Grimm (1978) defines professionalism as the process by which an occupation claims and receives the legal autonomy to exercise a monopoly over the delivery of an important service (p. 294, cited in Spencer, 1986, p. 3).  Sizer concludes that the fact that teachers are left unobserved in their classrooms more than 95% of the time is not the honored badge of professionalism, but an indication that what happens there is thought to be of relatively little consequence (p. 184).

Spencer (1986) concludes that the conditions under which teachers work are more similar to those of blue collar workers than those of professionals (p. 5).  She points to interruptions by the intercom and tasks such as monitoring bathrooms and performing janitorial duties in their classrooms as universal examples. Sizer (1992) agrees that teachers are treated as hired hands.  They are told where they will be and how long they will spend there.  Orders come from "downtown," handed down in the form of curriculum guides and standards.  Teachers are rarely trusted with the selection of texts and teaching materials they are to use.  Sizer (1992) enumerates, teachers own nothing, are told what to do, and have little stake in their enterprises....  Not surprisingly, they often act like hired hands (p. 184).

A perfect example of this devaluation from administration can be found in the plethora of government designed, "teacher-proof" curricular plans.  These programs were implemented most sweepingly in elementary schools where materials were provided at little or no cost to school administration.  With characteristically thrifty enthusiasm principals accepted these programs with open arms, then put pressure on teachers to implement them.  Administrators impart the impression that teachers aren't sophisticated enough to design or execute their own curricula (Apple, 1986).

Beyond the insulting lack of autonomy, the condition for which teachers most frequently demand improvements is monetary compensation for their labor.  Sizer (1992) contends that [w]e pay people what we think they deserve.  Salary policies are more complicated than that, of course, but money is clearly an expression of our priorities (p. 183).  Bok (1993) concurs.  The amounts people are paid... reflect our deepest values, motivations, and priorities.  For better or for worse, we can often learn more about what matters in this country by observing what we are willing to pay for than by studying the messages that come to us from pulpits and campaign husting, lecture halls and editorial pages (p. 5, cited in Kaufman, et al., 1997, p. 124).

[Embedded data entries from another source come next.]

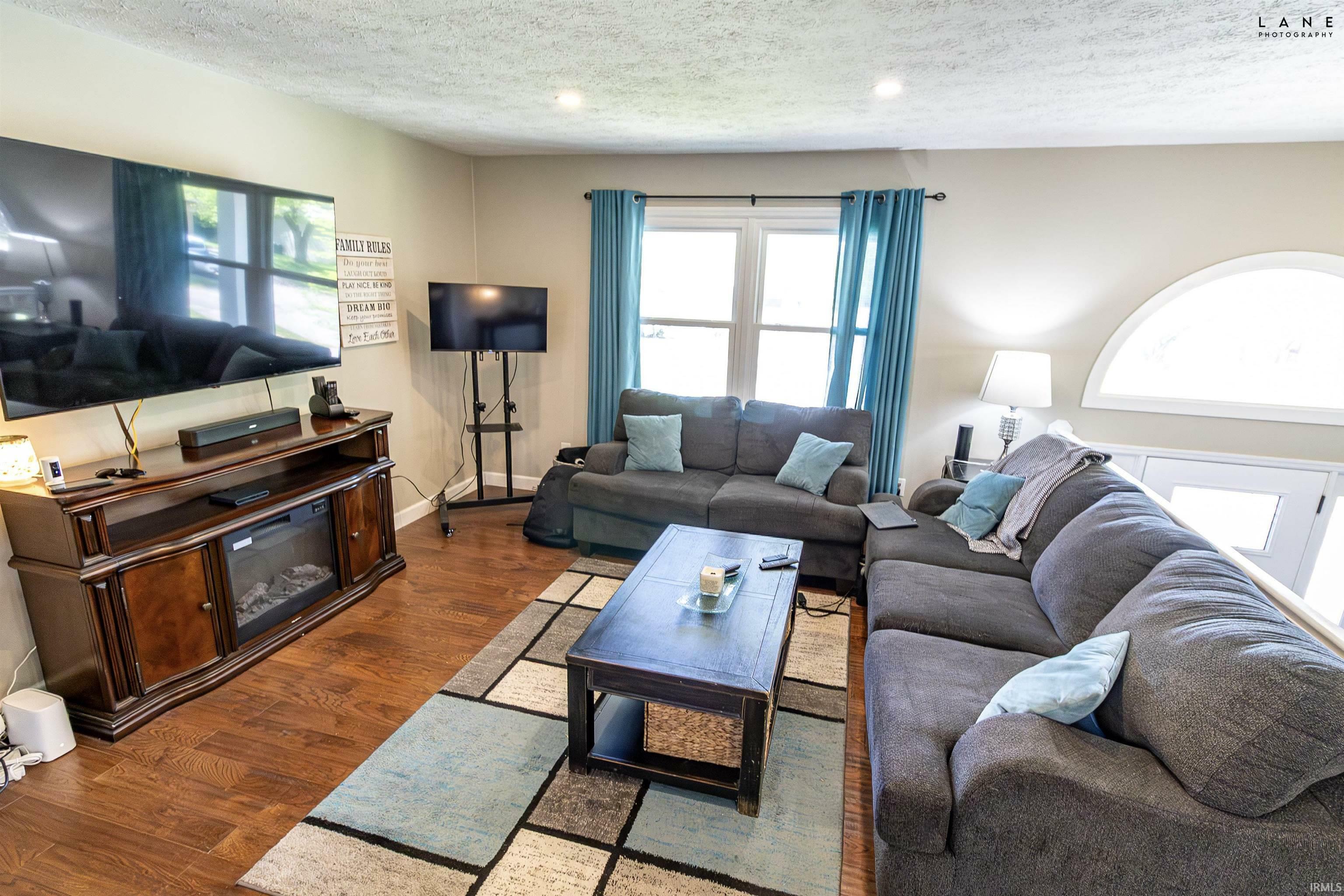 Property Photo: 1330 E Browning Court IN 47401
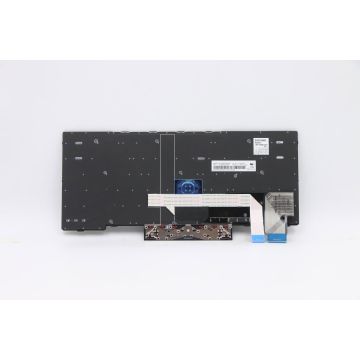 Lenovo 5N20V43346 laptop reserve-onderdeel Toetsenbord (5N20V43346) thumbnail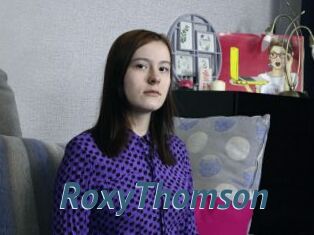 RoxyThomson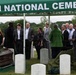 S1C Paul Newton | Arlington Ceremony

Yet school boards often hold salary increases under the inflation rate.  Sizer (1992) reports that one estimate found a 13% drop in drop in teachers' real salaries from 1970 to 1980, and a 16% real reduction in the compensation for independent school teachers.  In the 1980's, enrollments dropped from a high of 46 million children to 39 million after the baby boom generation had passed through the schools.  Bok (1993) reports that as a result, [r]ather than aggressively recruiting the best teachers, schools boards capitalized on the surplus of applicants to allow salaries to fall.  During the 1970's, average earnings dropped by almost 25% in real dollars, and starting salaries fell even further (p. 58, cited in Kaufman, et al., 1997, p. 124).

Furthermore, the longer teachers are in the profession, the wider the gap between their salaries and those of other white-collar workers (Spencer, 1986).  In 1993 the starting salary for a college graduate in education was 15.3% below the average for beginning graduates in all other fields (NCES, 1997).

Society is dismayed at teachers' widespread dissatisfaction when it manifests in the form of strikes.  They are expected to get by on the intrinsic rewards of helping others, yet they have no means beyond the most base methods of making their conditions known.  The financial matters which directly affect teachers are decided out of their view, in school board-union negotiations, state legislation, and federal grant committees, where teachers have no say (Sizer, 1992).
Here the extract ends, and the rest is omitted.